We demonstrated the use of the presented expression system in three test cases prototypical of biological hydrodynamics simulations. Implementing an incompressible Navier–Stokes solver using a novel mesh-free pressure-correction algorithm required only 156 lines of code. We validated the simulation against data from the literature for the nonlinear lid-driven cavity problem. Changing the numerical method from mesh-free DC-PSE to finite differences on a regular Cartesian grid required changing 21 lines of code. A two-dimensional solver for viscous active polar fluids using a Lagrangian particle method was implemented in 340 lines of code, reusing 50 lines from the previous Navier–Stokes solver. We verified it in a grid convergence study and showed a parallel efficiency of 87% on up to 24 CPU cores. Changing this code to using regular-grid finite differences required changing 20 lines of code. Finally, a simulation of Stokes flow in a three-dimensional ball was implemented in 180 lines of code to demonstrate a simulation in a non-Cartesian domain, validated against an analytical solution. Taken together, these test cases demonstrated significant improvements in developer productivity compared to manually implementing such simulations.

The main limitation of our work is that it can only be used in conjunction with numerical methods that have previously been implemented in the OpenFPM numerics library. At the time of writing, this includes DC-PSE [29], finite differences, the time-integration methods from the Odeint library [25], and the solvers from the PETSc [23] and Eigen [24] libraries. Further numerical methods remain to be implemented or wrapped. Thanks to the separation of concerns achieved by the present framework, however, such implementation can be done independent of the numeric data types of the simulation, the simulation domain dimensionality, or the model equations.

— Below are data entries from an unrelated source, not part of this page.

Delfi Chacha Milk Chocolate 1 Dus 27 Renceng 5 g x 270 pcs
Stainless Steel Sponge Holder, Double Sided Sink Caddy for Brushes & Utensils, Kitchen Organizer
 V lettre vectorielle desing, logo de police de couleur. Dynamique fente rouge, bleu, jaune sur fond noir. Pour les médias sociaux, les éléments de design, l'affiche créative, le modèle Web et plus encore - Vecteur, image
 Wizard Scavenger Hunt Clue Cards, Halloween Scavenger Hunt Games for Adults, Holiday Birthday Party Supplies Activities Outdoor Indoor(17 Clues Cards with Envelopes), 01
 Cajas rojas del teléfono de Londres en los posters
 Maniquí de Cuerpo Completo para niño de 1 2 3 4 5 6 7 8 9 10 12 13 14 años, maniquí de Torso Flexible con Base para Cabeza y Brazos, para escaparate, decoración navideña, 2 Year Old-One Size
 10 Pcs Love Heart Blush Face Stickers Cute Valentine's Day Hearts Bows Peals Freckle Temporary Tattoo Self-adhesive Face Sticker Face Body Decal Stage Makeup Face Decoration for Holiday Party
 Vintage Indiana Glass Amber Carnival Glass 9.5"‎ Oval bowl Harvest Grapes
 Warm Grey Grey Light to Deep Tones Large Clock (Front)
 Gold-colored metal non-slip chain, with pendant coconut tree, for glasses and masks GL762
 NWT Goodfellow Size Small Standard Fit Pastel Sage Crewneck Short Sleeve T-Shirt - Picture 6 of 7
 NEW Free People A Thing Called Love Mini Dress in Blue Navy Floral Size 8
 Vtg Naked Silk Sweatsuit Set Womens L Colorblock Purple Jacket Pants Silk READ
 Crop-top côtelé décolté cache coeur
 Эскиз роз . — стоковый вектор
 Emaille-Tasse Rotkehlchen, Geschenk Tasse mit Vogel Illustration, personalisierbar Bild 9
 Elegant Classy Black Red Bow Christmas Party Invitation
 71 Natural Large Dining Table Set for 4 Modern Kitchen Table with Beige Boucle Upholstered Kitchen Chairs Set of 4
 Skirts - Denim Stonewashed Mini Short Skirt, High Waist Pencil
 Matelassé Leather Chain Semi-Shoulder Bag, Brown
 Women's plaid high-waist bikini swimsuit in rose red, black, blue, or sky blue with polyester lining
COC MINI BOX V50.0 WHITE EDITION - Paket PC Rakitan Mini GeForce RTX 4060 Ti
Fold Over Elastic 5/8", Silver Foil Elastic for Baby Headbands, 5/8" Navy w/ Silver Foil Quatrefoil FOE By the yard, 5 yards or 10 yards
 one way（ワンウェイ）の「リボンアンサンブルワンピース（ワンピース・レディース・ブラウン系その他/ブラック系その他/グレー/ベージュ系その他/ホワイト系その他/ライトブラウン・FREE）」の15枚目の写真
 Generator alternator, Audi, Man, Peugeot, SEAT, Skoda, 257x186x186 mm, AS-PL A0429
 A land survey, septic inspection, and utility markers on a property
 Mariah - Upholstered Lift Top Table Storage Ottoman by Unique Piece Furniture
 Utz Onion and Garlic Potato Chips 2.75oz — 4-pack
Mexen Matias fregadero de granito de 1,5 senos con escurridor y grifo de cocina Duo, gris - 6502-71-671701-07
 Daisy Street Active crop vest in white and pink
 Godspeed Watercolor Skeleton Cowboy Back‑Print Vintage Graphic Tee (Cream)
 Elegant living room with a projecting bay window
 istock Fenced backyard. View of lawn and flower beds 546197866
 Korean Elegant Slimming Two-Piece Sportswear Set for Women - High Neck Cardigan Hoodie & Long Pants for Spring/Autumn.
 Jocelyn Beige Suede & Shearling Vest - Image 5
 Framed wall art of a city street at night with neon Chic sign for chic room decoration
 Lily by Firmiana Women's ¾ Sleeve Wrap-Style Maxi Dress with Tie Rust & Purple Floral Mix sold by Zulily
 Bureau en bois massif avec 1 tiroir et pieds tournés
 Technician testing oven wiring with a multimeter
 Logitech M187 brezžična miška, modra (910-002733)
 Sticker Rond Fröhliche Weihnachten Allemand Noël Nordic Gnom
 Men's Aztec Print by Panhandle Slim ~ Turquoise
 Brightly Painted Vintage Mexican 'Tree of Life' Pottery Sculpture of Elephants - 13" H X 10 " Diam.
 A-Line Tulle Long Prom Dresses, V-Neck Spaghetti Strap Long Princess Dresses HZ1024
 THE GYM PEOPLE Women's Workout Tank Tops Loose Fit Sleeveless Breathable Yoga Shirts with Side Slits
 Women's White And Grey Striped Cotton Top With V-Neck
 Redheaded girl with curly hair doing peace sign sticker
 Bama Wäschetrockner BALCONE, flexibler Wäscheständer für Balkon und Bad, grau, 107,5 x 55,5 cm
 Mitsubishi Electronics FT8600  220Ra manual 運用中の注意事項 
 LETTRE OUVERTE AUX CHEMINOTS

Another drawback is that codes implemented in our expression system require more time to compile than a regular C++ code, because the expressions are parsed and translated at compile time in order to map the computations. The total compile-time overhead depends on the complexity and length of the expressions. For the application examples shown here, compile times roughly doubled when using the expression system. However, this has to be discounted against the time saved when writing and debugging the code.

Further, our expression system does not free the user from carefully choosing the numerical methods appropriate to solve a given PDE and tune their parameters (e.g., time step size, solver tolerance, etc.). It performs no auto-tuning. However, we believe that it provides a good substrate syntax for higher-level languages and problem solving environments [41].

In the future, we plan to extend the presented expression system to include additional numerical methods, such as smoothed particle hydrodynamics [42] and higher-order particle-mesh interpolation [43], and to more general meshes, such as unstructured grids and general triangulated meshes. We also plan to implement numerical methods for the computation of intrinsic derivatives in curved spaces, such as the Laplace-Beltrami operator or the Laplace-de Rham operator [44]. Finally, future work could further improve the user-friendliness and portability of the presented expression system by providing wrappers for scripting languages like Python or by integrating it with domain-specific simulation languages like OpenPME [41].

The presented C++ template expression system for PDEs is available to users as open source, bundled with the test cases presented here, in the OpenFPM library, release 3.2 or newer, available from openfpm.mpi-cbg.de.